Hilzoy on the Character of John McCain
She writes:
Obsidian Wings: Great Choice, Senator McCain!: Via... Josh Marshall, this from Newsweek:
After John McCain nailed down the Republican nomination in March, his campaign began wrestling with a sensitive personnel issue: who would manage this summer's GOP convention in St. Paul, Minn.? The campaign recently tapped Doug Goodyear for the job, a veteran operative and Arizonan who was chosen for his "management experience and expertise," according to McCain press secretary Jill Hazelbaker. But some allies worry that Goodyear's selection could fuel perceptions that McCain—who has portrayed himself as a crusader against special interests—is surrounded by lobbyists. Goodyear is CEO of DCI Group, a consulting firm that earned $3 million last year lobbying for ExxonMobil, General Motors and other clients.

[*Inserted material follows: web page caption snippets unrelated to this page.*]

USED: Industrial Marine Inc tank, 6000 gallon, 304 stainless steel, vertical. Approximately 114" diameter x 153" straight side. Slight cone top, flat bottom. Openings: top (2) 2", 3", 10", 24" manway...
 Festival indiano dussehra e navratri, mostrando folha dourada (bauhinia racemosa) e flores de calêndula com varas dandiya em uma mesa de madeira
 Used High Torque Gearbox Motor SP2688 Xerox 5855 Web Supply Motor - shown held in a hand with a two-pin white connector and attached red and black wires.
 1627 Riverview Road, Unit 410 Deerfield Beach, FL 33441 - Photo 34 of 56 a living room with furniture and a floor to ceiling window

Potentially more problematic: the firm was paid $348,000 in 2002 to represent Burma's military junta, which had been strongly condemned by the State Department for its human-rights record and remains in power today. Justice Department lobbying records show DCI pushed to "begin a dialogue of political reconciliation" with the regime. It also led a PR campaign to burnish the junta's image, drafting releases praising Burma's efforts to curb the drug trade and denouncing "falsehoods" by the Bush administration that the regime engaged in rape and other abuses.
You have to admire not just the McCain campaign's tin ear, but their impeccable sense of timing:
Myanmar's military regime distributed international aid Saturday but plastered the boxes with the names of top generals in an apparent effort to turn the relief effort for last week's devastating cyclone into a propaganda exercise. (...) With voters going to the polls, state-run television continuously ran images of top generals including junta leader, Senior Gen. Than Shwe, handing out boxes of aid at elaborate ceremonies.
"We have already seen regional commanders putting their names on the side of aid shipments from Asia, saying this was a gift from them and then distributing it in their region," said Mark Farmaner, director of Burma Campaign UK, which campaigns for human rights and democracy in the country. "It is not going to areas where it is most in need," he said in London."
No doubt all these stories are just falsehoods too.
What's particularly amusing is the McCain campaign's rationale for choosing Goodyear:
Ironically, Goodyear was chosen for the post after the McCain campaign nixed another candidate, Paul Manafort, who runs a lobbying firm with McCain's campaign manager, Rick Davis. The prospect of choosing Manafort created anxiety in the campaign because of his long history of representing controversial foreign clients, including Philippine dictator Ferdinand Marcos. More recently, he served as chief political consultant to Viktor Yanukovich, the former Ukrainian prime minister who has been widely criticized for alleged corruption and for his close ties to Russia's Vladimir Putin—a potential embarrassment for McCain, who in 2007 called Putin a "totalitarian dictator." "The Ukrainian stuff was viewed as too much," says one McCain strategist, who asked not to be identified discussing the matter.
So Ukraine is too much, but Burma is OK?